Charles Brasch, who did much to establish the Fellowship, once wrote: “Part of a university's proper business is to act as nurse to the arts, or, more exactly, to the imagination as it expresses itself in the arts and sciences. Imagination may flourish anywhere. But it should flourish as a matter of course in the university, for it is only through imaginative thinking that society grows, materially and intellectually.” (Landfall, March 1959).
The Frances Hodgkins Fellowship, named after one of New Zealand's most distinguished artists, was established in 1962 to aid and encourage painters, sculptors and other artists and to foster an interest in the arts in the University. Past winners include Ralph Hotere, Grahame Sydney, Marilynn Webb, Fiona Pardington, Shane Cotton and Heather Straka.
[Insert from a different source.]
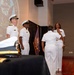 A formal United States Navy ceremony is taking place in an indoor venue. Four personnel in white Navy dress uniforms are visible, with a projected U.S. Navy seal on a screen in the background. The scene appears to depict a change of command or similar official military ceremony.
The Mozart Fellowship was established by the University of Otago in 1969. The purpose of the Fellowship is to aid and encourage composers and performers of music in the practice and advancement of their art, to associate them with the life of the University and to foster an interest in contemporary music. Mozart Fellows often produce a concert of their works during their Fellowship year. Successful applicants include many of New Zealand's significant composers, including John Rimmer, Anthony Ritchie, Gillian Whitehead and Christopher Watson.
The Caroline Plummer Fellowship in Community Dance was established in 2003 and honours Caroline Plummer (1978-2003). Caroline completed a Bachelor of Arts in Anthropology and a Diploma for Graduates in Dance, and was awarded the University of Otago Prestige Scholarship in Arts. The Fellowship acknowledges Caroline's passion for dance and her vision for community dance in New Zealand. It was made possible by a Memorial Trust set up by her parents.
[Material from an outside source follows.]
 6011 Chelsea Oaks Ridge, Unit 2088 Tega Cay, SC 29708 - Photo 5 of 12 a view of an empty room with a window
University of Otago College of Education Creative New Zealand Children’s Writer in Residence
The residency, which has run at the College since 1992, provides for a writer to work fulltime for six months in a College of Education environment. It is jointly funded by Creative New Zealand and the University of Otago.
Previous recipients include Bill O’Brien, Vincent Ford, Tania Roxborogh, David Hill, Katerina Mataira and Paula Boock.